Wie soll Max das dem Privatoffizier dort drüben alles erzählen? Max ist nicht auf den Kopf gefallen. Er ist einer, der alles, was ihm begegnet, aufsaugt. Aber er kann ja nicht mit Theaterwörtern zu dem Mann hinübergehen. Er selbst hat nicht viele eigene Sätze.

Er kann sich fast alles merken, was gesagt wird, und wenn er den Wörtern nachsinnt, begreift er sie auch. Aber wenn er etwas sagen will, bleiben sie in seinem Kopf stecken. Sie machen den Mund nicht auf. Sein Leben ist nur kleines Gerede.

Max beneidet seinen neuen Freund, den Müller aus Halberstadt, der erst zwanzig Jahre alt ist und es noch bis zum Leiter des Wiener Hoftheaters am Kärntnerthor bringen wird. Müller kann sprechen, als ob er tänzelt oder marschiert, laut oder leise, mal schnell, mal gemächlich, wie es ihm passt. Nur vor dem Grafen muss auch er kriechen.

»Gnädigster Graf und Herr! Meine Pflicht erfordert es, daß ich Ihnen, Gnädigster Graf und Herr, durch alles, was nur von mir abhängt, meine Dankbarkeit bezeige. Denn was bin ich Ihnen nicht schuldig? Sie haben mich Ihres Schutzes und Ihrer Gnade gewürdiget.«

Das hat der Müller neulich Abend am Feuer der Schäferey hergesagt. So werde er die Aufführung einleiten. Das »Kriechen« sei »aber nicht schlimm«. Das sind »Kurialien«, wie er es genannt hat. »Das spielt keine Rolle. Man muss nur wissen, was sagen. Was ist, ist den Wörtern, die die Menschen darüber machen, einerlei.«

Ohne Krieg hätte Müller nie hergefunden. Er wäre irgendwo in einer Weltstadt herumspaziert.

Aber immerhin spricht er mit jedem, als sei er ein Mensch. Vielleicht, weil er ein Waisenkind ist. Ja, das hat er Max verraten. Nicht mal ein Bürgerlicher also. Aber Müller sagt, er habe Glück gehabt, er habe einen älteren Bruder, der Pfarrer sei und ihm viel beibringen konnte.

»Kurialien!« Fast hätte Max es noch lauter gesagt, aber es liegt ihm nicht gut im Mund. Er ist kein gezierter Lakai. Er würde das auch gar nicht wollen. Höchstens, wenn Brigitta ihn wieder hochnimmt, weil er stumm bleibt, wenn andere sprechen.

Sie ist verwöhnt, weil der Graf sie anglotzt! In den letzten Jahren hat er alle verrückt gemacht. Das Gelübde ewiger »viduitas«, Witwerschaft, hat der Müller gesagt, stehe auf Lateinisch in der Kirche. Wahrscheinlich, damit es in dieser Sprache, die kaum einer der Untertanen des Grafen lesen kann, versteckt bleibt.

Aber schon vor dem Tod der Gräfin hat der Graf herausgefunden, dass er nicht unbedingt heiraten muss. Die Just Anna nicht und die Wohler Theresia, geborene Goluschkin nicht, und eine andere auch nicht. Der Graf hat sie alle zahm hier. Manche sind eitel und alle anderen neidisch. Alle Rosswalder Dorfmädel fühlen sich wie Schauspielerinnen und Sängerinnen. Das Publikum für die Aufführungen kommt bis aus Breslau und Wien. Jeder Heuschreck auf den Wiesen hier sinniert: Will ich Tänzer oder Musiker werden? Nur weil der Graf glaubt, dass jeder ein Künstler sein kann.

*

Zwei Mal war er schon über dem Schloss gestanden.

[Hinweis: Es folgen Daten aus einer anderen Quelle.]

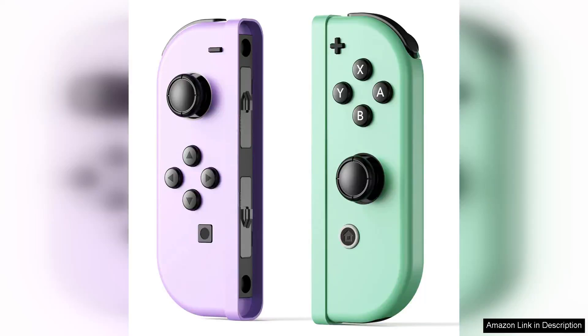I recently purchased the replacement Nintendo Switch controller with support for wake-up, screenshot, and motion control features, and I've been extremely impressed with its performance. The controller feels comfortable in my hands and is very responsive, making gameplay smooth and enjoyable.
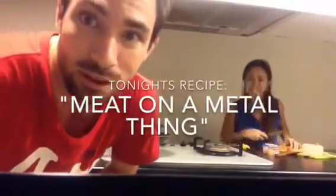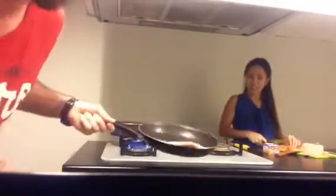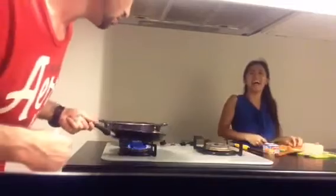Now on today's show we're putting meat on a metal thing, it's going to get hot, and that way we can eat it. Welcome to the cooking show with her and this guy. We're going to be cooking meat on hot metal stuff and we're going to be pouring it on the floor.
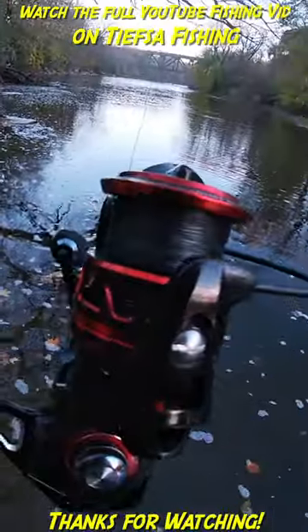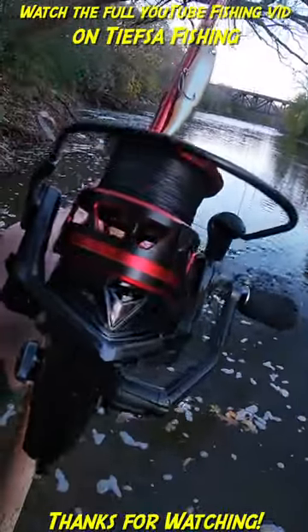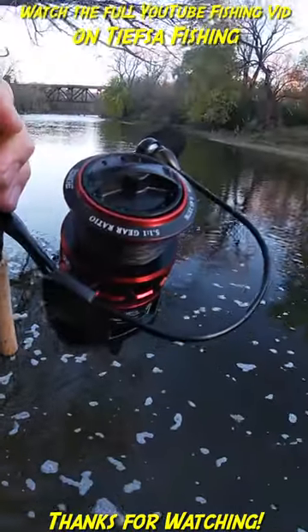I just caught a pike on it. It wasn't big, so it didn't pull any drag or anything like that. I like it so far.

Zuerst als Teil einer siegreichen Armee auf dem Vormarsch, da hatte er bloß kurz hinuntergeblickt und die Geschichten vor sich gesehen, die er von diesem Schloss gehört hatte, und seinem Pferd dann wieder zügig die Sporen gegeben.

Damals war der Privatoffizier, der sich Baron Kreutz nannte, auch noch deutlich besserer Laune. Er war noch neugierig gewesen auf die Zukunft und stolz auf die unmittelbare Vergangenheit. Nach jämmerlichen Niederlagen hatte die Winterschlacht von Leuthen endlich den ersten großen Erfolg bedeutet. Dabei war die schiefe Schlachtordnung, die vorgetäuschten Schwächen und vermeintlichen Bewegungen des Heereskörpers, nichts Besonderes. Die »Schiefe« hatte noch jeden Feldherrn der Antike, der sie nutzte, zum Sieg geführt: Epaminondas, Alexander, Hannibal, Cäsar. Aber man musste den Mut haben, sie einzusetzen! Nicht immer geradeaus!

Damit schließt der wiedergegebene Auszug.